Welcome to No Fact Zone’s weekly roundup of cultural references on The Colbert Report. From Darcy to Danger Mouse, String Theory to Shakespeare, we’ve got the keys to this week’s obscure, oddball, and occasionally obscene cultural shout-outs (hey!).
Hey Zoners! Savor every last show, we’ll be on break again soon. There was so much to love about this week, including some particularly neat interviews. However, I must curse the Emmy-award-winning writers, because now every time I hear mention of National Intelligence Director James Clapper, I have the urge to *clap clap*. What were your favorite segments this week? Post them in the comments! (** = TCR/TDS link – and there are some good ones!)
“Something that will repel them back into our country. Maybe a chain of pale, hideously out of shape men. I’m not sure where we’ll find them, but maybe the Minutemen know some people.”

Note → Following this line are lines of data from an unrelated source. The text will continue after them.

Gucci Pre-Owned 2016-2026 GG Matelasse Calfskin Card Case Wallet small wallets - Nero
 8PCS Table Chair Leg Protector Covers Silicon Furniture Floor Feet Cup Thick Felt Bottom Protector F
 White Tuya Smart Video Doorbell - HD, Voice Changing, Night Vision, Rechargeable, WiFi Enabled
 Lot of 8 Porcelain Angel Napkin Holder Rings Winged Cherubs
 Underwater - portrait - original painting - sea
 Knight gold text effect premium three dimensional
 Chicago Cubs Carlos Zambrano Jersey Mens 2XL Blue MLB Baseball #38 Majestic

Self-appointed civilian “border patrol” groups, the Minutemen rail against illegal immigration at the southern US border. Groups primarily portray themselves as citizen Neighborhood Watches, while critics decry anti-immigrant sentiment, extremist ties, and vigilante violence. It’s not the pale, hideously out of shape men I’m worried about – it’s organizers who call for volunteers to come to the border “locked, loaded, and ready.”
“I just want to get one thing clear – you’re not the one who cheated on Sandy Bullock, right? Because you could be an extra on Monster Garage.”
Tuesday: Barry Levine
“My theory is – you print a magic blue dot in your magazine, and you can cut it out and hold it in your pocket, and it’s energized, and the blue ink gives you luck. Were you carrying your blue dot when they were voting for the Pulitzer?”
The Blue Dot? Really?? I’m afraid Stephen’s not making this one up. The National Enquirer really does publish a blue dot in its paper, which it claims brings good luck. Internet sources say you must have the real dot – the online version does not possess the same magic (but rub the screen anyway, just in case). Woo alert!
Wednesday: Don’t Shoot the Schlessinger
“You may have seen the 30 year old naked photos of us that leaked onto the internet a few years back”
Put this on my list of Things I Researched for the Apopcalypse, Which I’d Rather Just Not Know. In 1998, Schlessinger’s ex-boyfriend Bill Balance sold 12 nude photos he’d taken of her in the 1970’s to an online porn site. Schlessinger initially sued, but a court determined she did not own the rights to the photos, and could not prevent their publication.
“Belgians are a filthy thieving people. Drink Bud Light”
Because they’re a sponsor, Stephen has defended the taste of Bud Light – **it doesn’t taste at all like dish soap. But Belgians? In 2008, Bud Light brewer Anheuser-Busch was acquired by Belgian company InBev, leading to the Best Drinking Segment on the Report, ever: **Belgians Buy Budweiser.
“During the election, Barack Obama was known for one thing more than any other [Jeremiah Wright]”
Oh, how quickly the manufactured controversies arise and fade. Obama’s former pastor Jeremiah Wright was in the news during the campaign for past sermons which were **viewed as racially controversial. See also the hilarious “Reverend?” “Right” exchange in **Stephen’s town hall meeting.
“Sweetness and honor it is to die for one’s country. Dulce et decorum est pro patria mori.”
I love it when Stephen breaks out the Latin. The line is originally from the Odes (III:2) by Roman poet Horace, but became commonly quoted throughout Europe in recent centuries. The most notable modern reference was in a graphic 1917 anti-war poem by Wilfred Owen, “Dulce et Decorum Est”, where it is condemned as “the old lie.”